Gajos Porreiros
/Muitas pessoas que conheço, no género adequado a esta circunstância, são gajos porreiros. Sem grande esforço, dizendo-o (foi isto que impôs o Linguistic Turn da segunda metade do xx) e parecendo-o (é impossível parecer um gajo porreiro e não o ser, uma autêntica revolução ontológica e moral).
Numa época enredada em profundas dúvidas, com uma probabilidade elevada de passarmos os últimos 10 anos de vida a babar-nos e a tomar um cocktail de moléculas medicinais, óptimo para o aumento da esperança de vida sem qualquer esperança de felicidade, nada melhor do que uma epidemia de gajos porreiros. Massificação de pessoas sem arestas, deslizando irresistivelmente entre posições controversas, submissas, cheias, até rebentar, de senso comum, assoberbadas de inteligência circunstancial (resumida nos “cada um é que sabe de si” e “em Roma sê romano”), vagamente humanistas, vagamente ecologistas, vagamente de direita ou de esquerda, com gostos concêntricos, sorriso fácil, “amigas do seu amigo”, especialistas no dois-em-um da palmadinha/facadinha nas costas, prontas para a cervejinha e blindadas a qualquer erudição que não se verta imediatamente no mundinho onde vivem... Embora a esta capacidade de se moldar, qual gelatina humana, não corresponda um bom relativismo. Paradoxalmente, os gajos porreiros desenham um mundo aperspectívico, têm convicções duras, por detrás da tolerância de fachada, vivem fechados nos seus pontos de vista, que consideram, na estreiteza do horizonte de expectativas individualista, os melhores do mundo.

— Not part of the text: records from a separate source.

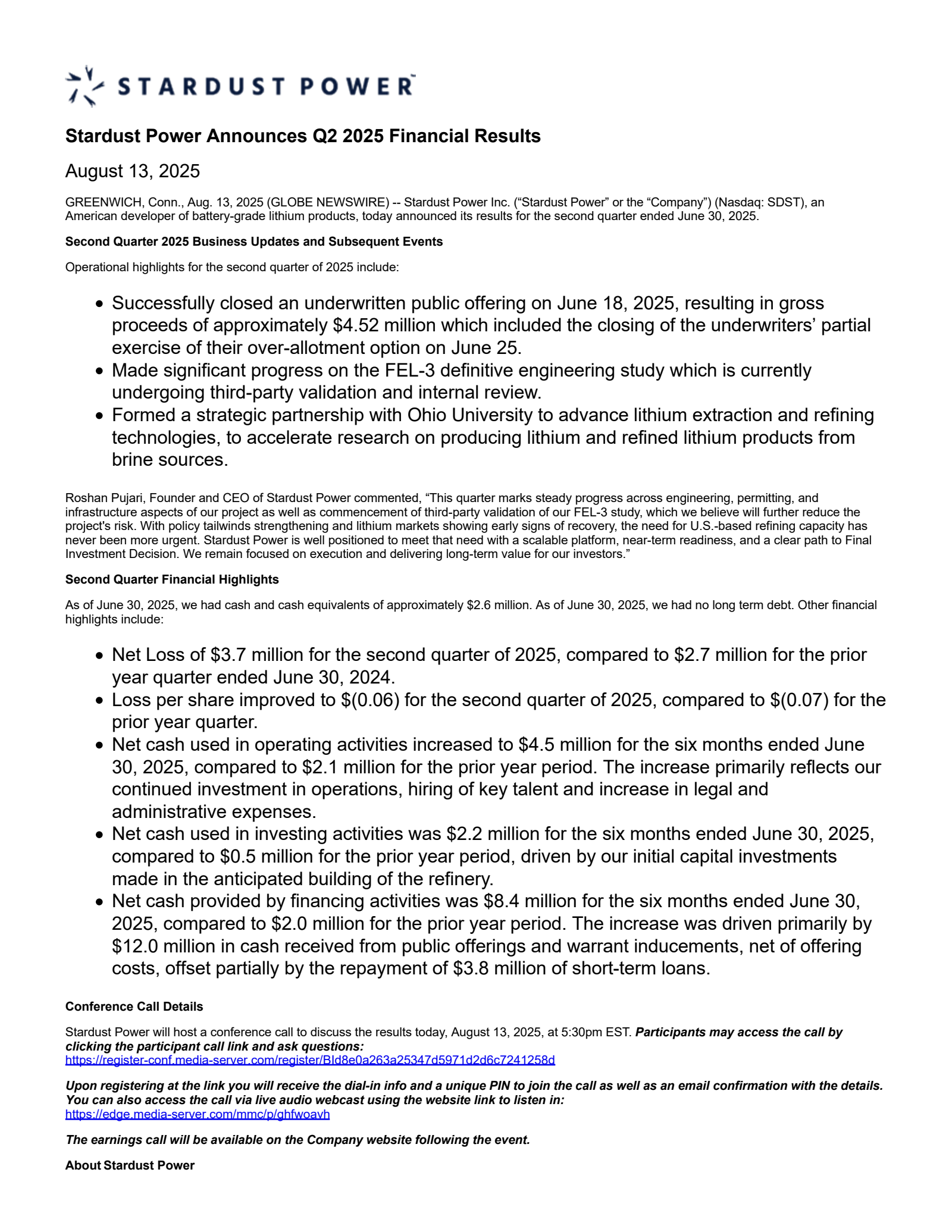 Stardust Power's Q2 2025 Press Release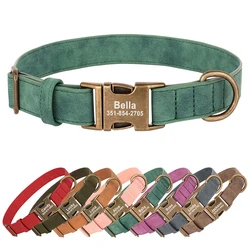 Custom Engraved Dog Collar Personalized PU Leather Dog Collars Soft Padded Pet ID Collar For Small Medium Large Dogs Pitbull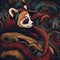 AI generated illustration of an adorable red panda among foliage, looking with its expressive eyes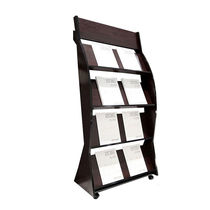 Luogang curved width 71 four-layer walnut color magazine rack wooden floor-to-ceiling information display rack storage promotional storage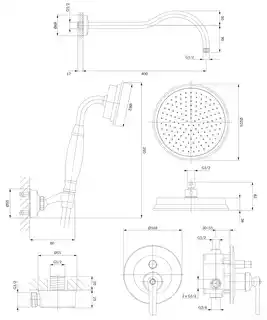 Omnires Armance kompletny system podtynkowy łazienkowy chrom SYSAM10CR z deszczownicą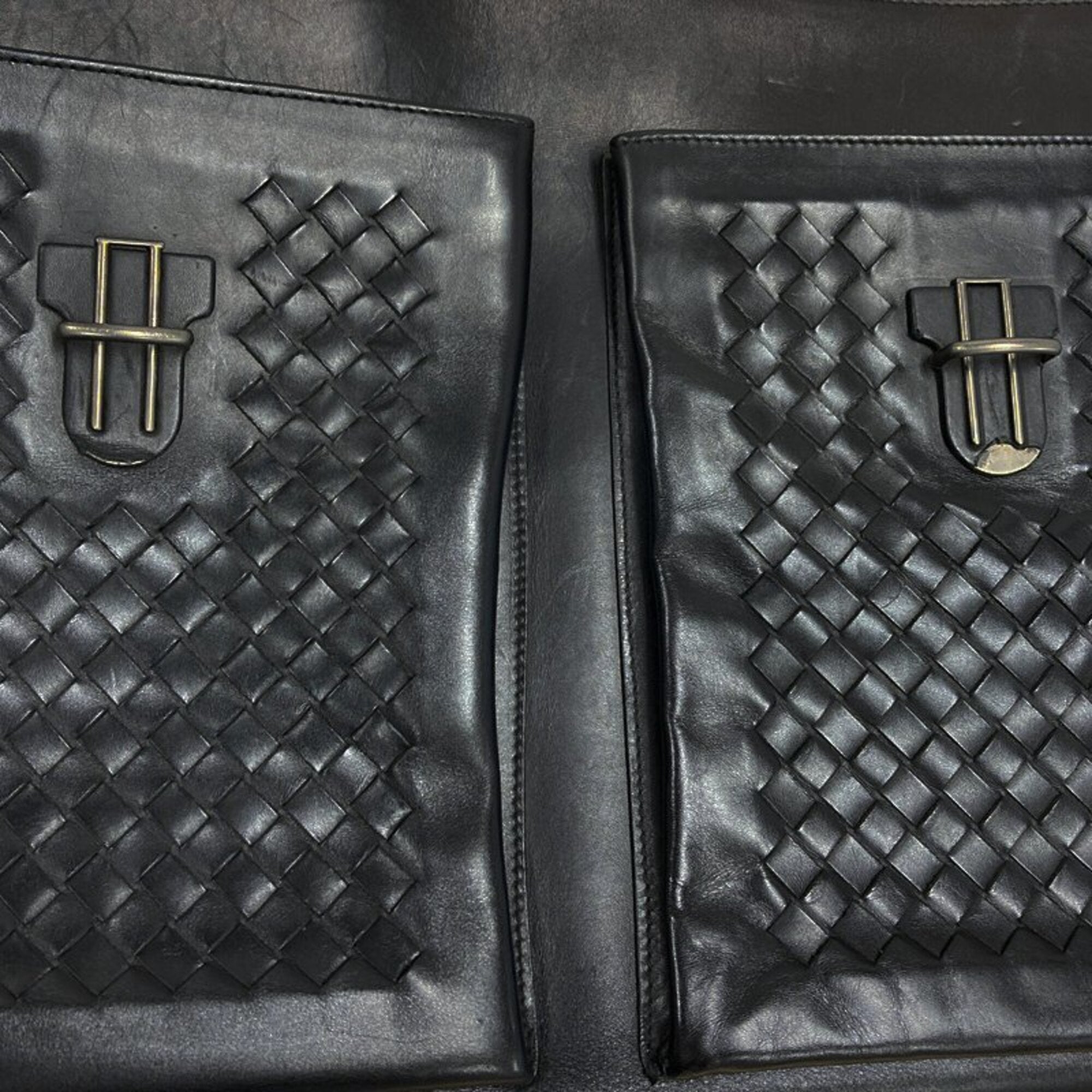 Bottega Veneta Black Leather Briefcase (Pre-Owned)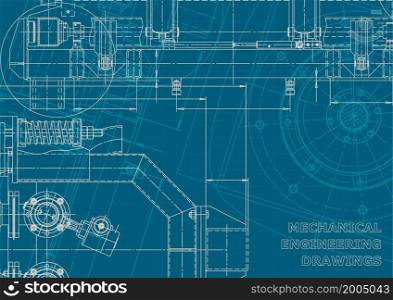 Computer aided design systems. Corporate style. Technical illustrations, backgrounds. Mechanical engineering drawing. Industry. Blueprint. Corporate style. Mechanical instrument making. Technical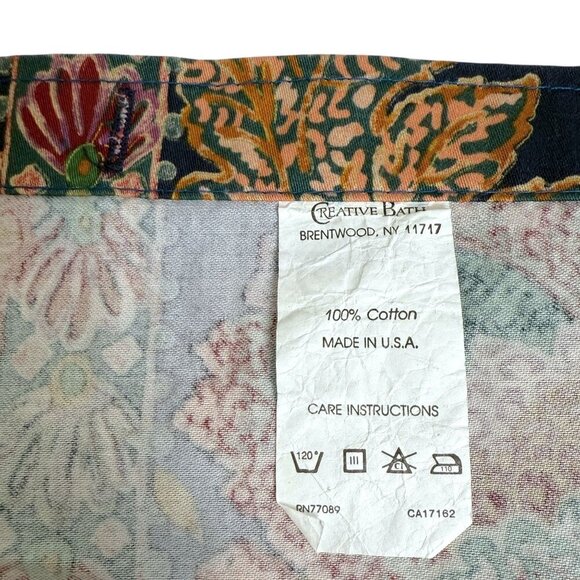 Floral Leaf Shower Curtain 100% Cotton Navy Blue Multicolor by Creative Bath - Picture 3 of 8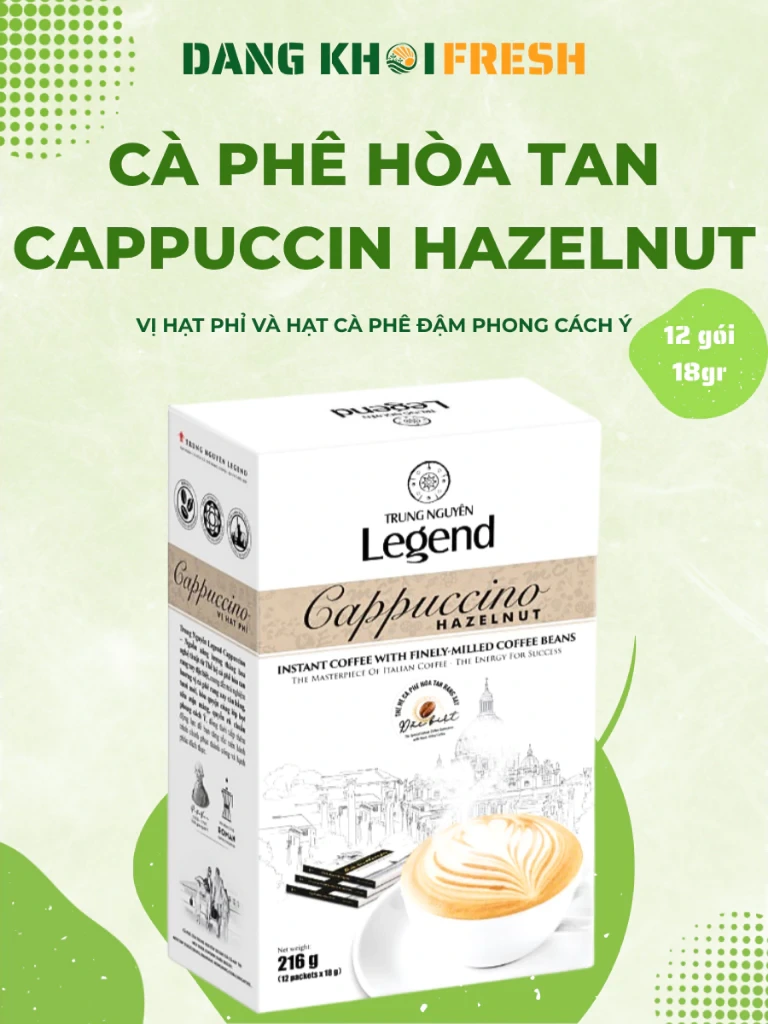 COMBO 5 Hộp Cà Phê Hòa Tan Cappuccino Hazelnut Trung Nguyên Legend 12 gói x 18gr Cafe Vị Hạt Phỉ - Đăng Khôi Fresh COMBO 5 Hộp Cà Phê Hòa Tan Cappuccino Hazelnut Trung Nguyên Legend 12 gói x 18gr Cafe Vị Hạt Phỉ - Chính hãng tại Đăng Khôi Fresh (freshdangkhoi.com)
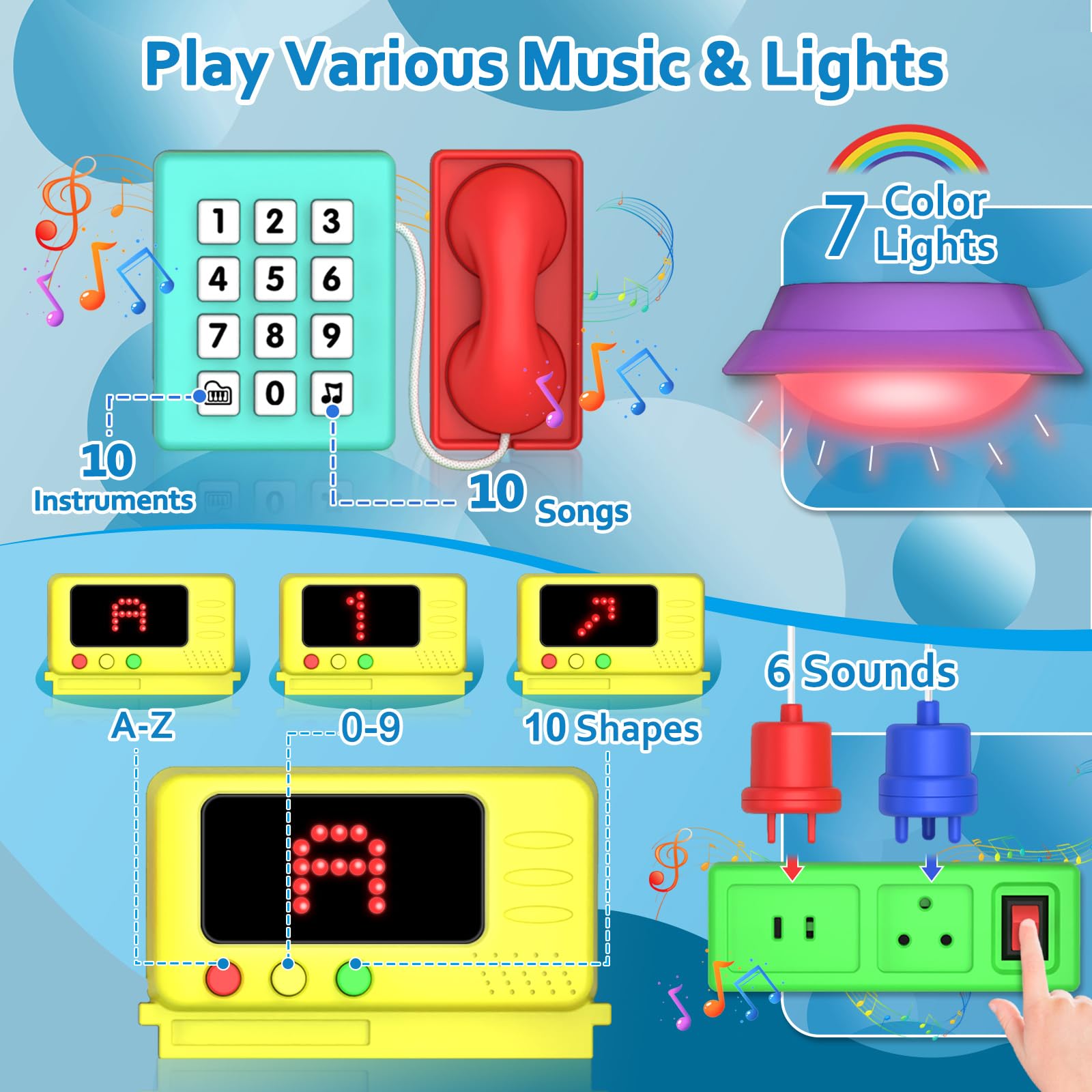 Toddler Toys for 1-2 Year Old Boy, Musical Montessori Busy Board, Early Educational Toy for Toddlers 1-3, Motor Skills Developmental Toy for 12-18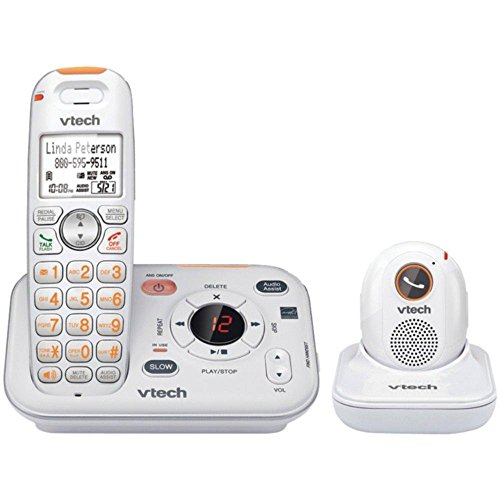 VTech SN6187 CareLine Expandable Cordless Phone with Answering System and Accessory Portable Pendant, White VTech SN6187 CareLine Expandable Cordless Phone with Answering System and Accessory Portable Pendant, White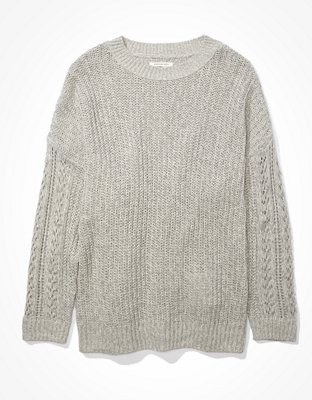 Женские свитеры American Eagle AE Oversized Pointelle Sleeve Crew Neck Sweater — фото 3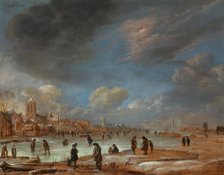 Winter Landscape near a Town with Kolf Players, c.1658-c.1660. Creator: Aert van der Neer.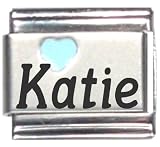 Katie Light Blue Heart Laser Name Italian Charm Link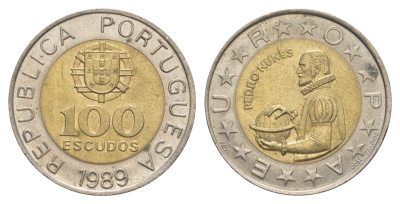 Португалия 100 эскудо 1989 Педру Нуниш (1502-1578), математик KM 645 биметалл aUNC 4633-734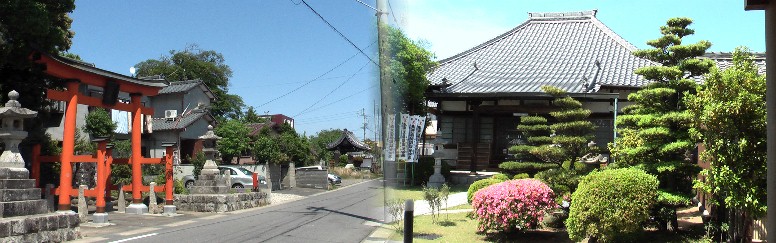 左：八幡社・妙楽寺は南外山城があったといわれます。右はすぐ北の薬師寺。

Dir-me-ão, assim “como quem não quer a coisa”, que apesar de tudo tiveram a força demiúrgica para se criariam a si próprios. Pois bem, pura mentira, é impossível um gajo porreiro ter tido a força e a destreza decisórias de se fazer a si mesmo. Eles, todos, são produto dos meios de comunicação de massa modernos e pós-modernos (os primeiros acreditavam no Progresso, substituto de Deus; os segundos viraram-se para a polifonia discursiva, o conflito de interpretações, a fragmentação das perspectivas, numa palavra valorativa: caíram no raio-de-mundo-patchwork), do Facebook à televisão, dos jornais aos blogs, da rádio ao Spotify..., os média reorganizaram a “realidade como realidade na nossa cabeça”, isto é, definiram as linhas de realidade que pode ser observada, sem risadas ou dúvidas sistemáticas, como real, depois puseram isso na nossa cabecinha para modelar e fazer emergir o gajo porreiro que há em nós (Foucault falava do nazi que se esconde em cada íntimo).
Por isso, os porreiraços apenas precisam de parecer, parecer que toleram, trabalham, ajudam, compreendem, amam, agem, combatem... para o ser. Talvez a grande novidade na ontologia do porreirismo seja a de que a representação (estar no “lugar de” e “fingir que”) é o ser. O “Mascara-te de porreiro, diz que és porreiro e serás porreiro!” tornar-se-á o princípio de doutrinamento ao porreirismo dos escassos resistentes. Onde toda a cultura acima do “imediatamente agradável” se reduzirá a pó; as controvérsias serão aplanadas em consensos claros e simples, bons para todos os contendores; os discursos revolucionários baixarão o tom e serão reciclados para as Marchas Populares; a angústia da influência dará lugar a milhares de Reforços Positivos derramados sobre todos os que se aventurem, por exemplo, na escrita de um best seller; e quando se pisarem algumas normas, bastará uma pequena multa e algumas palmadas no rabo; a entreajuda, no amor e na crítica, parecerá tão autêntica que ninguém terá a coragem de a questionar; mas acima de tudo, todos recitarão o credo no homem porreiro (substituto, até ao certo ponto, do Übermensch), uma lengalenga sem referente, tanto mais que, como nos ensinou o mestre supremo da ironia Oscar Wilde (que reprovaria no exame para gajo porreiro): “Quem diz a verdade, mais cedo ou mais tarde, é apanhado em flagrante.” E quem quer ser apanhado em flagrante, ah, quem quer?